Question about test results on KITTI and Middlebury

Hello, I test the pretrained RAFT-Stereo model using test.py, here are the results I get:

KITTI-15 All
EPE: 1.4704
bad 1.0: 26.43%
bad 2.0: 9.43%
bad 3.0: 5.56%

Midd-T F All
EPE: 9.1773
bad 1.0: 26.56%
bad 2.0: 18.44%
bad 3.0: 15.57%

I notice these results are slightly different from results reported in Table 6 in your paper. I wonder if there is something wrong with my code. I can upload the full test code I used if necessary. Thank you.

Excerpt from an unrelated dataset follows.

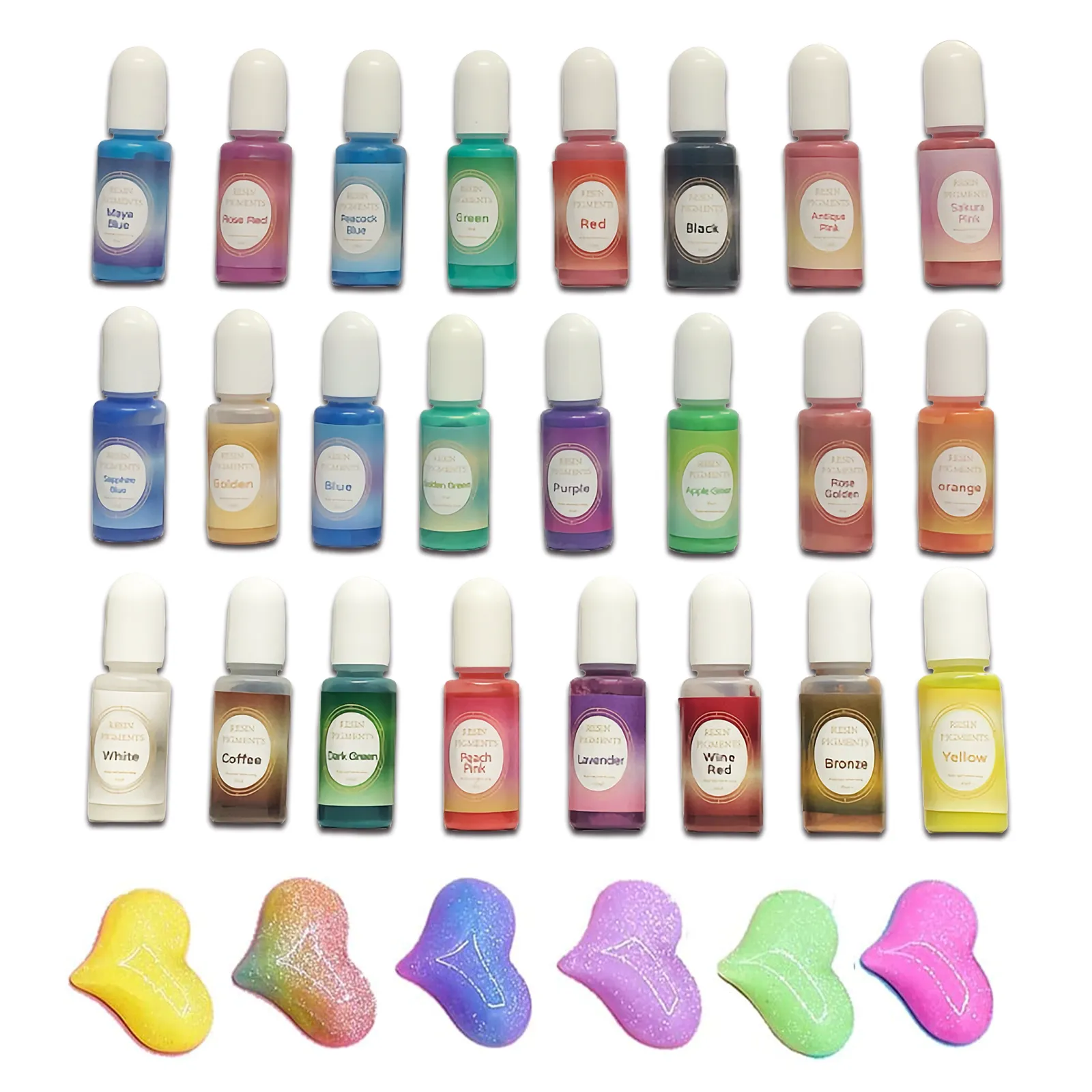 24PCS Resin Liquid Pigment Colorant | Pearl Coloring Dye | Epoxy Resin Colorant | DIY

Hello, thank you for bringing this issue to my attention. I have just tested again the model using the code and the provided ckpt in our repository. The results I am obtaining are as follows:

KITTI-15 All
bad 1.0: 25.97%
bad 2.0: 9.21%
bad 3.0: 5.39%

Midd-T F All
bad 1.0: 24.62%
bad 2.0: 16.46%
bad 3.0: 13.87%

I have noticed slight variations after changing the version of PyTorch w.r.t. Table 6 of our paper. However, I cannot explain how the numbers you showed are so different. Have you made any modifications to the code? Have you verified that the dataset used is correct?

I've found the issue. In the original RAFT-Stereo code, the default parameter "iters=12" should be set to 32 for evaluation. On line 70 of the original code of RAFT-Stereo, you should modify the iters parameter such that:

def forward(self, image1, image2, iters=12, flow_init=None, test_mode=False) -> def forward(self, image1, image2, iters=32, flow_init=None, test_mode=False)

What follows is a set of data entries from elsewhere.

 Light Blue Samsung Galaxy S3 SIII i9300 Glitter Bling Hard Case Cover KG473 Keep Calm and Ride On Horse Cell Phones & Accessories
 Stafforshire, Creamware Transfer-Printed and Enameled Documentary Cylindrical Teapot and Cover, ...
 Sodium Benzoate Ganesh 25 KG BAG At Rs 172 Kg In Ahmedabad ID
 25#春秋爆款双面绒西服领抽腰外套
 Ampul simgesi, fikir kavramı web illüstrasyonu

This is the exact number of iterations that in the original RAFT-Stereo paper is used for evaluation.

Thank you for notifying me of the issue, I will update our repository's documentation.

Thank you very much. I've got the correct results. And I think a more appropriate modification would be changing this line:

NeRF-Supervised-Deep-Stereo/code_snippets/test.py

Line 79 in 1478080

pred_disps = model(data['im2'], data['im3'])

Add 'iters=32' or 'iters=args.valid_iters' for RAFT-Stereo model.